Sparse gpuArray indexing limitations

Question

0 votes

When trying to extract a sub-matrix of a sparse gpuArray, I get,

>> S=gpuArray(sprand(100,100,0.1));
>> S(1:5,1:5)

Sparse gpuArray matrices only support referencing whole rows or whole columns.

OK, but here, I am indexing a block of complete rows and get the same error,

>> S(1:5,:)

Sparse gpuArray matrices only support referencing whole rows or whole columns.

Aside from this, what is the internal hurdle that makes subsrefing a sparse matrix so hard on the GPU? This has been a limitation for quite a while now.

3 Comments
Show 1 older comment Hide 1 older comment

Matt J on 5 Jul 2026 at 0:48

Open in MATLAB Online

Yes, single row/column extraction works,

>> S=gpuArray.speye(3);
>> S(1,:)

ans =

1×3 sparse gpuArray double row vector (1 nonzero)

(1,1) 1

>> S(:,1)

ans =

3×1 sparse gpuArray double column vector (1 nonzero)

(1,1) 1

But I wonder why that would be the limit. If you can do one, surely you should be able to do more?

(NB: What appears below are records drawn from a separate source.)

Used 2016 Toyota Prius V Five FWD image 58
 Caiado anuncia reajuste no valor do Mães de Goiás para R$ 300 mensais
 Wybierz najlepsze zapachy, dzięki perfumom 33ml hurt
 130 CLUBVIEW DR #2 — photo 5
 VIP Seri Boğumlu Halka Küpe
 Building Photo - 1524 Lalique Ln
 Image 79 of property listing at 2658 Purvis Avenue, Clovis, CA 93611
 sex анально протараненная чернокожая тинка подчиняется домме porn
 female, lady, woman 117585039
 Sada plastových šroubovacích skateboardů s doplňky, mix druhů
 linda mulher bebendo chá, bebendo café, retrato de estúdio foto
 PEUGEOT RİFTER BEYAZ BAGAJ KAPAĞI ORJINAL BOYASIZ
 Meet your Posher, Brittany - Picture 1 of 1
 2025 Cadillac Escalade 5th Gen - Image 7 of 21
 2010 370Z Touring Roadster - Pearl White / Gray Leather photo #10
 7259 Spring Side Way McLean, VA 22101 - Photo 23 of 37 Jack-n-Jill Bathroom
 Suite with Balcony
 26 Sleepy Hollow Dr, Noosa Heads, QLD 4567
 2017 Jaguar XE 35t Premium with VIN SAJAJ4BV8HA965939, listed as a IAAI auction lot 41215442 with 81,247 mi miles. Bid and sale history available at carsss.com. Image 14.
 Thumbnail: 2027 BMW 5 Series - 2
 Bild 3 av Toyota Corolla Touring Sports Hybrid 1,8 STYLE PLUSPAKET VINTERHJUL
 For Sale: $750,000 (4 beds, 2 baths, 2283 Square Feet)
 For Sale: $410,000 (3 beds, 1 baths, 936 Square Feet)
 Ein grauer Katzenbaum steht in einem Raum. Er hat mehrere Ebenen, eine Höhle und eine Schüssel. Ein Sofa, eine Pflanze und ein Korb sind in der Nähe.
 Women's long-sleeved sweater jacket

dpb on 5 Jul 2026 at 11:44

Edited: dpb on 5 Jul 2026 at 22:15

Open in MATLAB Online

Theoretically, yes it could be done but doing so creates the complexity issue noted before so the ability isn't directly supported. Reading the gpuArray doc on <Working With Sparse GPU Arrays> again and parsing the addressing discussion more carefully, it appears to be a restriction documented by example and the implication that index is a single value, not by an explicit statement. "Sparse GPU arrays only support referencing whole rows or columns by index. For example ..." uses 5 in that example but doesn't directly state that "index" cannot be a colon expression. Like you apparently, @Matt J, I initially presumed the index could be generalized as with addressing in-memory arrays, sparse or not.

If this operation is needed, it would have to be implemented by extracting each row/column individually and catenating them in local memory as assigning values to sparse GPU arrays by index is not supported. The result would then have to be moved to a GPU array from memory.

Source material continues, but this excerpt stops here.